Jay Chen v. Michelle Steel: The Mud Packed Race for District 45
Photo obtained from laist.com
With the 2020 census reporting a marginally smaller California population, the state has subsequently lost a district. This shift from California’s formerly 53 districts to a mere 52 has caused major redistricting all across the state. In fact, the cities of Artesia and Cerritos, formerly part of representative Linda Sanchez’s predominantly Latino 38th district, have felt the rippling effects of this change firsthand.
Now a part of the newly redrawn 45th district, which contains the predominantly Asian cities of Artesia, Cerritos, Buena Park, Garden Grove, Westminster, and La Palma in addition to portions of Huntington Beach, Hawaiian Gardens, Anaheim, and Los Alamitos, citizens of the two sister cities have been thrust into the fierce battle between its two main candidates for the house seat; Republican incumbent Michelle Steel and Democrat Jay Chen. Congresswoman Steel, representative for district 48 prior to 2020 census redistricting, has become something of a trailblazer in recent years. Not only is she one of the nation’s first Korean American women in congress, but she has done groundbreaking work for her district, which is predominantly composed of Asian Americans and Pacific Islanders, a group that far too often goes underrepresented.
As midterm elections draw near, however, Steel has come under fire for her use of her influence over her local community to spread propaganda and misinformation about her opponent, Jay Chen. Throughout the race, “China’s Choice” and “Communist” have become synonymous with Chen’s name to many of her voters, all thanks to her ads, which have spared no expense in portraying Chen as nothing short of a figure similar to tyrants such as Mao Ze Dong. Although buzzwords like "communist" may be frightening to the district's largely Vietnamese population, many of whom came to America fearing the communist threat, this could not be further from the truth.
To Chen, an American born son of Taiwanese immigrants, veteran, and Harvard alumni, these accusations have taken a significant toll on his already tough campaign.
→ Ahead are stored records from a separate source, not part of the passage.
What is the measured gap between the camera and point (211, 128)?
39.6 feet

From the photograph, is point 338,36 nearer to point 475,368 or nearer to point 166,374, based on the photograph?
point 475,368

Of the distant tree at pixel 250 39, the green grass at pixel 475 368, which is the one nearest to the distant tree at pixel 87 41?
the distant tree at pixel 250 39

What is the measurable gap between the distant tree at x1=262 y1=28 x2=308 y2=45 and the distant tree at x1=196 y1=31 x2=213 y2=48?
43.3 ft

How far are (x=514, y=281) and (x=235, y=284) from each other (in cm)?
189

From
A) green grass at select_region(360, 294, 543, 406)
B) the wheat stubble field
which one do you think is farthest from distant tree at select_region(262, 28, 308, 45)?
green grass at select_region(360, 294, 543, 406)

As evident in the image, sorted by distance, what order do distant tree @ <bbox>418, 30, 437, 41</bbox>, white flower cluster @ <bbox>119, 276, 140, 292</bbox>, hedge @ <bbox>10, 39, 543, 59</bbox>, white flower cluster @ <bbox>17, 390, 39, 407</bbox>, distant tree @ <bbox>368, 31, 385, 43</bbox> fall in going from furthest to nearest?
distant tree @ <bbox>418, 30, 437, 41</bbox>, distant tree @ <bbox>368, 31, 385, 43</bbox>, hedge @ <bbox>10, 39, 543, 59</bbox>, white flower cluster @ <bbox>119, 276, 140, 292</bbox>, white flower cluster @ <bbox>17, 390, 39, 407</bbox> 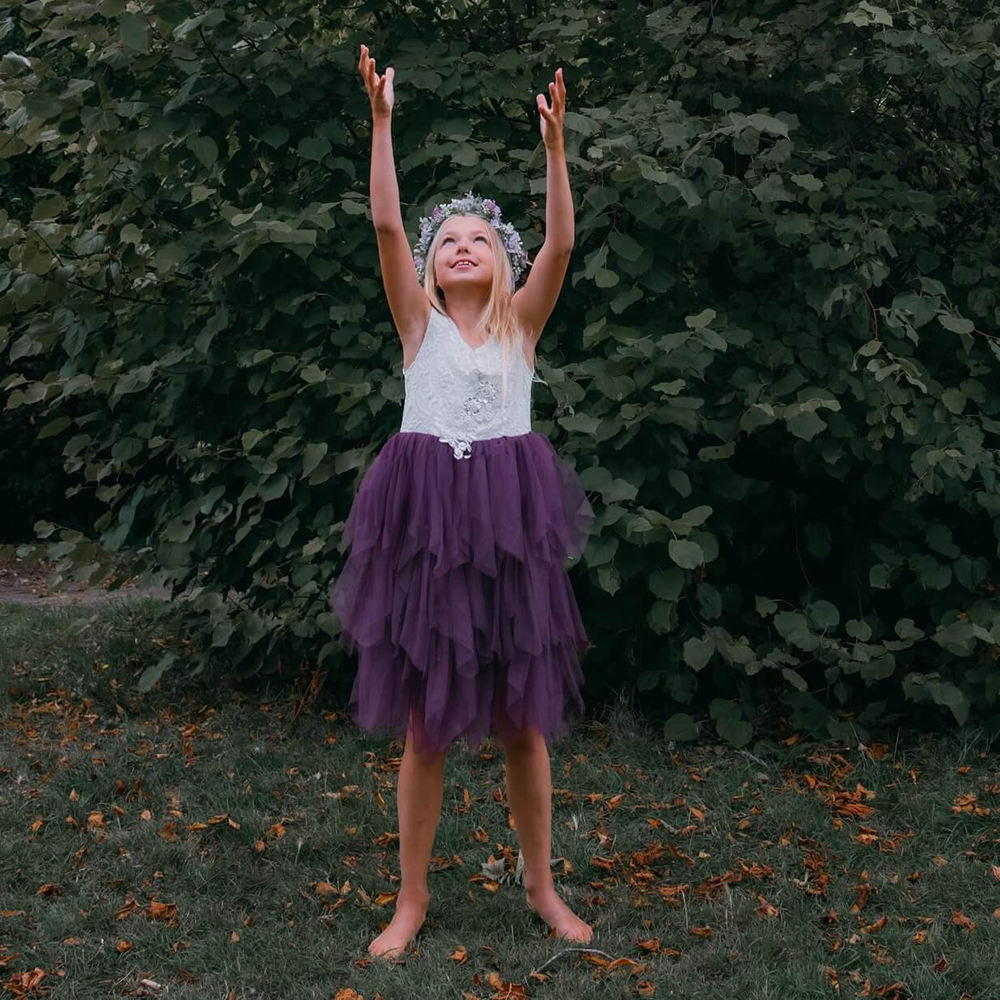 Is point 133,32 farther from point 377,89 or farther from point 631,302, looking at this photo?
point 631,302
And despite the growing prevalence of liberalism within the ddistrict'sAsian communities, the generational divide between conservatism and progressivism has made it paramount that Chen find some way to appease older voters, many of whom appreciate Steel’s more conservative stances and fear his apparently “communist” ideas.
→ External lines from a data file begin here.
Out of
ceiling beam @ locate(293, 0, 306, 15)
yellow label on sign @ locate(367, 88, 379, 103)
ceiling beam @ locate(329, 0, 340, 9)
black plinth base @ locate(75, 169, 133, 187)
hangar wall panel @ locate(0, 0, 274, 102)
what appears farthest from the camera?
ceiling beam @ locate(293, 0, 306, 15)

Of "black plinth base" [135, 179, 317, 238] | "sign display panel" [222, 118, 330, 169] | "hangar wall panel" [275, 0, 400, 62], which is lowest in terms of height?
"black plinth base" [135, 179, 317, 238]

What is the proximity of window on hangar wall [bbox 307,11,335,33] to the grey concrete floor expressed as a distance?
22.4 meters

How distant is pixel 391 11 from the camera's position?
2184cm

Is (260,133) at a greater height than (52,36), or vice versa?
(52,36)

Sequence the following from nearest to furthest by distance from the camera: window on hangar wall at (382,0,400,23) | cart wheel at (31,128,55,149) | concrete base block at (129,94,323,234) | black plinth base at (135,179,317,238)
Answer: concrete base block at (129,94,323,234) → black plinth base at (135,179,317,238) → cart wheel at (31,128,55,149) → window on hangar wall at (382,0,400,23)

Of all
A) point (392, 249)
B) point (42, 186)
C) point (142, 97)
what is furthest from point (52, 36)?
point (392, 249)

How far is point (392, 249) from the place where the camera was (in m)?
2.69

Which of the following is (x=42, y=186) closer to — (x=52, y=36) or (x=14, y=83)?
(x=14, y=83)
Thus, this begs the question, should candidates utilize mudslinging and misinformation to secure their seats? Despite the fact mudslinging has been a mainstay of political history since the days when John Adams’ opponents accused him of being a transvestite to discredit him, it doesn’t necessarily make it ok. As participating citizens in a democracy, shouldn’t we look for integrity and cooperation within our candidates rather than bickering and gossip? Political positions by design should be awarded to candidates based on merit, not whoever can discredit their opponent more effectively. In my opinion, by allowing politicians to act in a manner more akin to middle school students, we only contribute to the toxic political climate and partisan divide, which continue to breed division and inaction within our government.